Although New Jersey has exercised the option provided by the foregoing guidelines to require registration for juvenile delinquents, it has chosen to do so only within the limitations of J.G., a determination which was clearly permissible under the Attorney General's guidelines.
The trial court denied registrants' application to be terminated from the Megan's Law requirements only because it felt that subsection g. dictated otherwise. It was satisfied by clear and convincing evidence that they were"not likely to pose a threat to the safety of others." Hence, it will not be necessary to remand for resolution of that issue. The orders are therefore remanded to the Law Division only for the execution and filing of an order granting the relief requested.

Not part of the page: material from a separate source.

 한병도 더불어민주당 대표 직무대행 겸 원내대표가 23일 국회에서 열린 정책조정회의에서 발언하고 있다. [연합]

LANDAU, J.A.D., (concurring)
I concur with the majority opinion. As my colleagues properly observe, the Legislature added Subsection (g) to N.J.S.A. 2C:7-2 with an expressed purpose of insuring compliance with the requirements of the federal Jacob Wetterling Act, 42 U.S.C.A. § 14071. Subsection (a)(1) of that Act directs the Attorney General of the United States to establish guidelines for State programs that require [inter alia]--
(A) a person who is convicted of a criminal offense against a victim who is a minor or who is convicted of a sexually violent offense to register a current address for the time period specified in subparagraph (A) of subsection (b)(6) of this section:...

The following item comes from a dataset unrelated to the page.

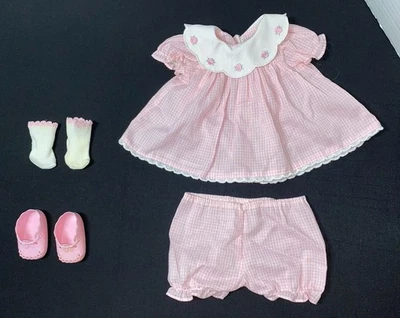 Roupa de feliz aniversário menina americana Bitty Baby com sapatos e meias. Lote 4 - Imagem 1 de 4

Compliance with the guidelines is necessary in order to avoid loss of substantial federal funding, 42 U.S.C.A. 14071(g)(2)(A).
The relevant excerpt from the Attorney General's Guidelines is quoted in the majority opinion. Those guidelines, promulgated in January 1999, provide that states are not mandated to require registration for juveniles who are adjudicated delinquents, even if the conduct on which the adjudication is based would give rise to a registration requirement if engaged in by an adult.
I believe it necessary to clarify that, in light of the express purpose for legislative enactment of N.J.S.A. 2C:7-2(g), the present opinion is correct because it does not conflict with the existing federal guidelines.
My concern arises because the"Definitions" section of the Wetterling Act, 42 U.S.C.A. § 14071(a)(3), designates the kind of offenses against minors for which the Attorney General is required to establish guidelines. Subparagraph (A) defines a"criminal offense against a victim who is a minor," to include, inter alia, criminal sexual conduct toward a minor; solicitation of a minor to engage in sexual conduct; and any conduct that by its nature is a sexual offense against a minor. Subparagraph (B) defines the term"sexually violent offense" to include aggravated sexual abuse or sexual abuse. Subparagraphs (A) and (B) are set forth below.*fn1
For the purposes of subparagraph (A), perpetrators eighteen years of age or younger are excluded from being considered as having committed a criminal offense when their conduct"is criminal only because of the age of the victim." (Emphasis provided.) Moreover, the definition of a"sexually violent offense" in subparagraph (B) contains no such exception directed at the perpetrator's age. In the cases of both L.E. and R.O., their offenses, if committed by an adult, would have constituted the crime of second degree sexual assault involving an act of sexual penetration with the use of physical force or coercion. N.J.S.A. 2C:14-2c(1).
I wish to imply no discontent with the present Wetterling guidelines. Indeed, I applaud their policy. The language of the underlying statute, however, causes me to raise the qualifying observation that our opinion should be deemed controlling for future juvenile registrants only so long as those guidelines remain consistent.